▶ [Action item] Return, exactly and in full, the lines of the records below starting at the one with "Valise en plastique" and ending at the one with "Teacher Fuel 16oz", and no other lines.

[[ Records for processing open ]]

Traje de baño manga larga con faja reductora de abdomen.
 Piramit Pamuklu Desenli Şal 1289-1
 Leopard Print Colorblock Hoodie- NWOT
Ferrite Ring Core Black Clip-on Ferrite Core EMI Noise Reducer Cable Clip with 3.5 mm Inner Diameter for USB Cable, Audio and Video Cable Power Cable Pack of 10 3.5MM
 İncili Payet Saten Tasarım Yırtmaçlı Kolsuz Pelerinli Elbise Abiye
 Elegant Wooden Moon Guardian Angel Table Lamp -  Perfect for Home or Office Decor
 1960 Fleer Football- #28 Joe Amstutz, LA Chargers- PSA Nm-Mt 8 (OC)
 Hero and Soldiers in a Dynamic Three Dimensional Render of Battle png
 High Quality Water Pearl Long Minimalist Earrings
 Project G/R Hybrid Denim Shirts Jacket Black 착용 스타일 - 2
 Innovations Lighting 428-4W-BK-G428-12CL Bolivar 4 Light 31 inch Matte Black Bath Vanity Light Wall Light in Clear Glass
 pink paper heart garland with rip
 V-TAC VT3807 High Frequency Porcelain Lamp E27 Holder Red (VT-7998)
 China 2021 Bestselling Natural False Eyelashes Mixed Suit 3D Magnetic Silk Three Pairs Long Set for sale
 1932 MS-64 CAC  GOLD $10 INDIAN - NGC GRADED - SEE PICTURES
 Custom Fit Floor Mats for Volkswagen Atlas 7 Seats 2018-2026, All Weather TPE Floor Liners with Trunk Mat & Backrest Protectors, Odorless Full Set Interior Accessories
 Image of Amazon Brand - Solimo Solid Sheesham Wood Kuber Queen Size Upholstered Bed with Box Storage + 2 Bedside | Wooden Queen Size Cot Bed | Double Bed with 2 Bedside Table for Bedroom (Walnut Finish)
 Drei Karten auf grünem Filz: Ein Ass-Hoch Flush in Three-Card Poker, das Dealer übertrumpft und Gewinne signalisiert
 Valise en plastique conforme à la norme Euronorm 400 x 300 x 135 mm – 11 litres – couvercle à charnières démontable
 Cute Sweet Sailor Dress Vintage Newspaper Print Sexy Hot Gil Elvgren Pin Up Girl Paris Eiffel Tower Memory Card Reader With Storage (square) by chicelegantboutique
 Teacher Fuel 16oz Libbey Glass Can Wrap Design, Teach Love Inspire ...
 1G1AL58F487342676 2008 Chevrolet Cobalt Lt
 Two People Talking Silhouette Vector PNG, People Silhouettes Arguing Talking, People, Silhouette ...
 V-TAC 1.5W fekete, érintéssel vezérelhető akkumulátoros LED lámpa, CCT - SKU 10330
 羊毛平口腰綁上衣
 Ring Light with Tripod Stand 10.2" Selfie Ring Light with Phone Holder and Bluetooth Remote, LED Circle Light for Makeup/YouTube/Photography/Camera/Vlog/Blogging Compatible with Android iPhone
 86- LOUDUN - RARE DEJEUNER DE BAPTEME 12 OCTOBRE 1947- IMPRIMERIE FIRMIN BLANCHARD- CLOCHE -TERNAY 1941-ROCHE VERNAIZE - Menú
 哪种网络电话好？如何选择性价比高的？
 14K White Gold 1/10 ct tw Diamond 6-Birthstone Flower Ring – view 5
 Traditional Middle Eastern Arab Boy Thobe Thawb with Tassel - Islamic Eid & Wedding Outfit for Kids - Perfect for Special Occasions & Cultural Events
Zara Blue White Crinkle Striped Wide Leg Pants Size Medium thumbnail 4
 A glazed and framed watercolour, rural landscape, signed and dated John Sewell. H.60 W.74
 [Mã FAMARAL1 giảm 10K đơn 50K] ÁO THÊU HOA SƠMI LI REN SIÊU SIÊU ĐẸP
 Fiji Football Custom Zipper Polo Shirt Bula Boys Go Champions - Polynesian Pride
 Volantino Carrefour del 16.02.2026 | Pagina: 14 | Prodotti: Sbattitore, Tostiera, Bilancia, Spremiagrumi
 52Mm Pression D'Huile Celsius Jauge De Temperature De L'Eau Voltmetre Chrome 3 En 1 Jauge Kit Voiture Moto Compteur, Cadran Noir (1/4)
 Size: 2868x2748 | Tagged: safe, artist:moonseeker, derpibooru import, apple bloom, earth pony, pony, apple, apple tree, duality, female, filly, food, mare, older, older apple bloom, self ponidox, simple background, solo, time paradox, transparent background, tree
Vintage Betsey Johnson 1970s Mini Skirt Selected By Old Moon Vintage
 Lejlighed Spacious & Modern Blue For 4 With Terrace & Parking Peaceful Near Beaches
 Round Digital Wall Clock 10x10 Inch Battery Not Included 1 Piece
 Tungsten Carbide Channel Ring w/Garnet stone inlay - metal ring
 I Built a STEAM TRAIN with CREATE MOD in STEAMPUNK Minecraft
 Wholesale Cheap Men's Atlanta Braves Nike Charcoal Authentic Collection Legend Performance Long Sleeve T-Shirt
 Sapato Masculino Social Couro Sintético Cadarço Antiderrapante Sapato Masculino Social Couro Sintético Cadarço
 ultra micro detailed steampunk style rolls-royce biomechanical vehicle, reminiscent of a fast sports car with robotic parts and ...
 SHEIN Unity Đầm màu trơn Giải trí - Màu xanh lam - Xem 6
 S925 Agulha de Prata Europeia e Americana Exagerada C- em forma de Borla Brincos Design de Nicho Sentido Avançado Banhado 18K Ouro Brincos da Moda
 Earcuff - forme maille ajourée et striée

[[ Records for processing closed ]]

▶ [Answer for this exercise]
 Valise en plastique conforme à la norme Euronorm 400 x 300 x 135 mm – 11 litres – couvercle à charnières démontable
 Cute Sweet Sailor Dress Vintage Newspaper Print Sexy Hot Gil Elvgren Pin Up Girl Paris Eiffel Tower Memory Card Reader With Storage (square) by chicelegantboutique
 Teacher Fuel 16oz Libbey Glass Can Wrap Design, Teach Love Inspire ...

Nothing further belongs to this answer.